Two young men have been arrested on suspicion of arson after a fire in the back yard of a house in Darlington took hold and spread to neighbouring homes.
They have been released on bail pending further investigation into what caused the fire in Aldborough Walk, in the Lascelles Park area of the town, on Saturday (June 21).
No one was injured in the blaze, which was reported shortly after 4.35pm - less than half an hour before the latest strike by members of the Fire Brigade Union (FBU) was due to end.
One woman whose house was damaged said she and her daughters had ‘lost everything except the clothes we stand up in’.
Because lives were not considered to be at risk, striking officers were not asked to resume work.
A 'resilience crew' of professional firefighters, put in place by County Durham and Darlington Fire and Rescue Service to deal with incidents during the strike, was dispatched.
Those who had been on strike joined efforts to extinguish the blaze when the industrial action ended at 5pm.
Fire crews were at the scene for much of Saturday evening and a police presence was maintained in the area on Sunday.
Neighbours made a flurry of 999 calls as the flames spread, with many questioning whether the response time was related to the strike.
Deputy chief fire officer Stuart Errington said the response time was 'slightly longer' than usual, but blamed the ongoing roadworks on Darlington's inner ring road, close to the town's fire station.
He said: "The reason that the response time was slightly longer was roadworks in the centre of town and we were getting conflicting information about the address of the incident; there was three or four different addresses given."
Mr Errington rejected the claims of some eyewitnesses that the response time was longer the brigade's seven-minute target.
He added: "I would not accept that the response time was any longer than it would have been had it been business as usual.
"I am confident that, had we asked the staff to break the strike in a 'persons reported' incident, they would have done."
The end-terrace home, which was not occupied, suffered serious damage and seems likely to be demolished.
Neighbours are rallying round to help the family in the neighbouring property who said they had lost everything. There has been talk of a collection for their benefit.

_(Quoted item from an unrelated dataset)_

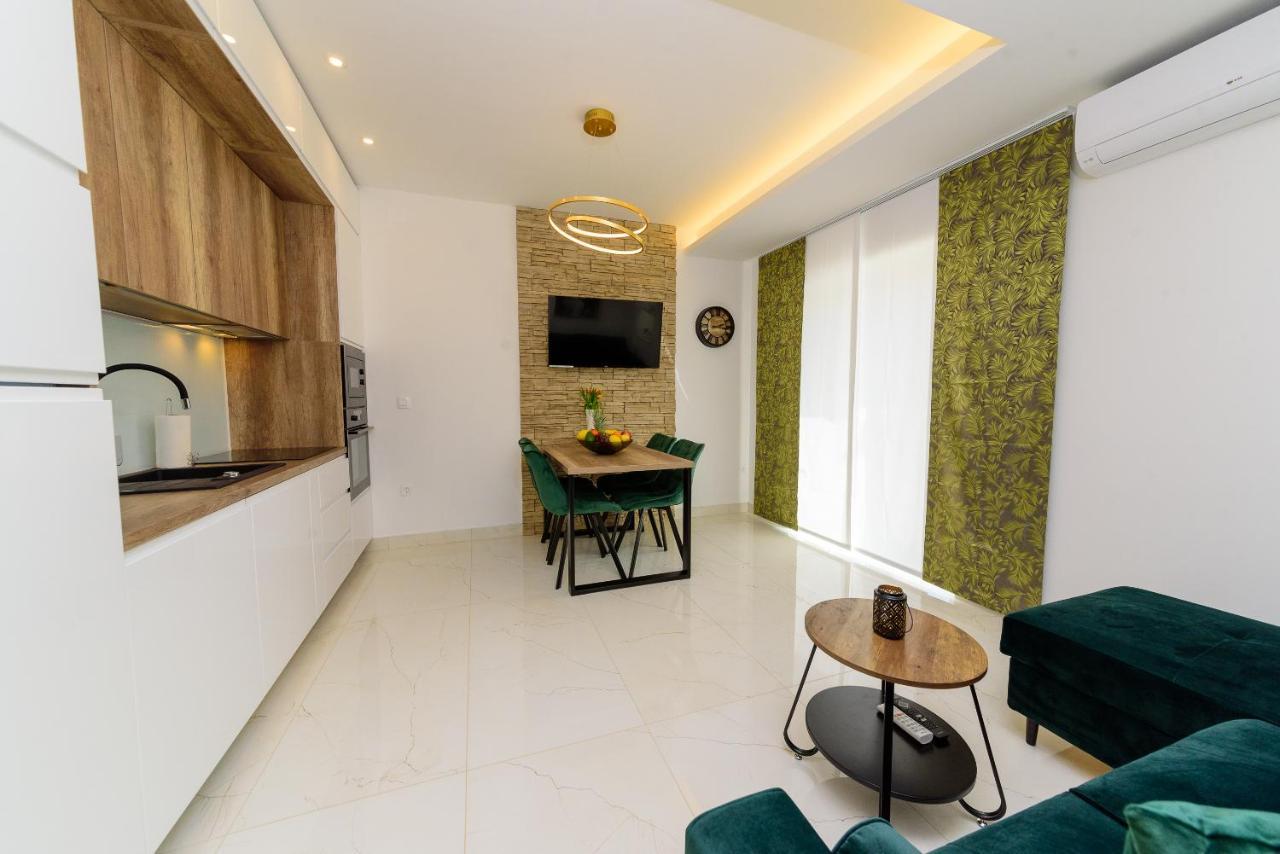 Apartmani Bokin Bol Esterno foto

The householder in the property at the other end of the four-house block, was one of several to raise the alarm.
She could only watch and pray that the flames would not spread as far as her home.
The woman, who asked not to be named, said: "I was terrified, I got myself outside and just stood watching the fire creep towards the house. It was horrendous."
Hers was the only one of the four to escape without damage.
Saturday's strike was the 14th period of industrial action by FBU members since September.
The union is locked in a dispute with the Government over controversial pension scheme proposals and plans to raise firefighters' retirement age to 60.
The fire was one of a handful of incidents reported across County Durham and Darlington during the strike.
Mr Errington said: "While our resilience plans have worked well, for a period of time our resources were stretched as we dealt with the large fire in Darlington and a number of other incidents at the same time.
"I would like to thank all of our staff: resilience officers, normal fire crews and control room operators, who worked really hard in difficult circumstances to deal with these incidents successfully."